Task item: Set down, please, exactly the lines below that run from the line with "12, Varese - foto 29" to the line with "08.09.2024 - Stadtparktriathlon", both lines included.
┌─ Record excerpts
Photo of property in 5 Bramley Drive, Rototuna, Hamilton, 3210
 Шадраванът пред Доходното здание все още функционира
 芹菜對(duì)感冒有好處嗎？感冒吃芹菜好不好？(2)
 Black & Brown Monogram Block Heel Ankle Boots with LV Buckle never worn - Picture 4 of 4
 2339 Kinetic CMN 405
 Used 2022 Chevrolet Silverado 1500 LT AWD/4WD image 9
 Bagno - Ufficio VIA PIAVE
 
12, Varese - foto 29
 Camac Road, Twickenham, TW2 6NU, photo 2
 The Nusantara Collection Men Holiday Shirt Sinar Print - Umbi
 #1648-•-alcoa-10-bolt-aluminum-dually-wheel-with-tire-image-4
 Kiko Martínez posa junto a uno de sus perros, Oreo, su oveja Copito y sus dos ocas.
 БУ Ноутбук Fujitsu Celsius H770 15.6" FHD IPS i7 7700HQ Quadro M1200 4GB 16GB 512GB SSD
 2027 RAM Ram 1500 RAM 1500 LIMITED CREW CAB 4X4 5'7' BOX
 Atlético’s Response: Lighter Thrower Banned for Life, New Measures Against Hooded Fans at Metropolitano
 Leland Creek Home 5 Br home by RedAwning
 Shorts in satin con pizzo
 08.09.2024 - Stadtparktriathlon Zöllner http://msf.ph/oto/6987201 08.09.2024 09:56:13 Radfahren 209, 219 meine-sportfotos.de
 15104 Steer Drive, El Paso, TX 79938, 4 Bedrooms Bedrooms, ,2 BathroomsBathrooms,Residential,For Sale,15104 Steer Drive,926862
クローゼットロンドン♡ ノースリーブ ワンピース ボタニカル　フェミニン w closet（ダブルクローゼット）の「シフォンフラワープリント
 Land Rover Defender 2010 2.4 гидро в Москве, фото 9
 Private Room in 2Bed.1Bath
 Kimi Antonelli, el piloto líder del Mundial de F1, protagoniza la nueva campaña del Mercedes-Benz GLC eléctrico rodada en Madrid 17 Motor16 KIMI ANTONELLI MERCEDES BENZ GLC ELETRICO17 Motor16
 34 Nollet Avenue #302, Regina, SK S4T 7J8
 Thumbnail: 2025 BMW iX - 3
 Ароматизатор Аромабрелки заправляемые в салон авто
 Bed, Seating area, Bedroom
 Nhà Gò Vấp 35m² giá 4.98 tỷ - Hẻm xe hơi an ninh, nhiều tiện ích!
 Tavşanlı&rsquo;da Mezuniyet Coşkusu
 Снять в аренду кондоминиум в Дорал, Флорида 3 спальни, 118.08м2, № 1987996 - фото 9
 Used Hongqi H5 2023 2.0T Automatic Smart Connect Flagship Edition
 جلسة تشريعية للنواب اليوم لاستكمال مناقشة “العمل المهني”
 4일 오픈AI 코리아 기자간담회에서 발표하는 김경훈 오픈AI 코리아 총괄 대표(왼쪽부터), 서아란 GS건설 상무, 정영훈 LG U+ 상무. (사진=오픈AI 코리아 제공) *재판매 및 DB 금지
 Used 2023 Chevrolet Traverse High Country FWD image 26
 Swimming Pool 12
└─
Completed exercise:
12, Varese - foto 29
 Camac Road, Twickenham, TW2 6NU, photo 2
 The Nusantara Collection Men Holiday Shirt Sinar Print - Umbi
 #1648-•-alcoa-10-bolt-aluminum-dually-wheel-with-tire-image-4
 Kiko Martínez posa junto a uno de sus perros, Oreo, su oveja Copito y sus dos ocas.
 БУ Ноутбук Fujitsu Celsius H770 15.6" FHD IPS i7 7700HQ Quadro M1200 4GB 16GB 512GB SSD
 2027 RAM Ram 1500 RAM 1500 LIMITED CREW CAB 4X4 5'7' BOX
 Atlético’s Response: Lighter Thrower Banned for Life, New Measures Against Hooded Fans at Metropolitano
 Leland Creek Home 5 Br home by RedAwning
 Shorts in satin con pizzo
 08.09.2024 - Stadtparktriathlon Zöllner http://msf.ph/oto/6987201 08.09.2024 09:56:13 Radfahren 209, 219 meine-sportfotos.de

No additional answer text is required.